I think Jon Stewart performs a complete tour de force here where he exposes the "Violentizing" of thoughtful, peaceful rapper and poet Common.
Part 1
Part 2
Jon does a great job of first of all that Common isn't advocating violence - he's asking people to turn away from it after giving an example of it. He also draws the parallel of violent imagery such as the kind that Fox news complains about from Common - particularly when Sarah Palin said she was being "misconstrued" when she said "Don't Retreat, Reload".
Anyone remember how Fox News reacted after the shooting of Gabby Giffords and many reporters mentioned this particular piece of "artwork" by one Sarah Palin?

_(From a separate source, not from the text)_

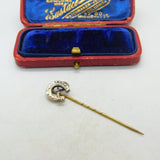 Sterling Silver Hunting Crop & Good Luck Horseshoe Stick Pin Antique Victorian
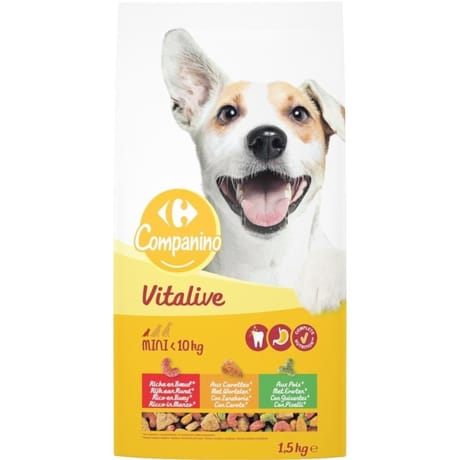 Carrefour companino croquettes pour chien adulte mini au boeuf et aux légumes 1.5kg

Palin argued then that Democrats have had "Bulleye" maps too - maybe so, but they targeted States (by the DNC for Presidential Primaries) - not PEOPLE.
Hannity: Gov Palin is here to respond to the political fingerpointing
Let's also recall what happened after Sarah's Target Map was released.
Vic Snyder (retired, Arkansas-2) received a death threat in the mail in March 2010.
Ann Kirkpatrick (Arizona-1) - her office was attacked in March 2010.
Harry Mitchell (Arizona-5) received several death threats in March 2010.
Betsy Markey (Colorado-4) received several death threats in March 2010.
Suzanne Kosmas (Florida-24) was threatened in March 2010.
Baron Hill (Indiana-9) received several telephone threats in March 2010.
Earl Pomeroy (North Dakota-AL) was threatened in March 2010.
John Boccieri (Ohio-16) received numerous telephone death threats in March 2010.
Kathy Dahlkemper (Pennsylvania-3) was threatened by mail in March 2010.
Tom Perriello (Virginia-5) was threatened in March 2010, including the infamous incident when the gas line was cut at his brother's house; the attacker erroneously thought it was Rep Perriello's house.
Gabrielle Giffords (D-Arizona) had the front window of her office shot out in March.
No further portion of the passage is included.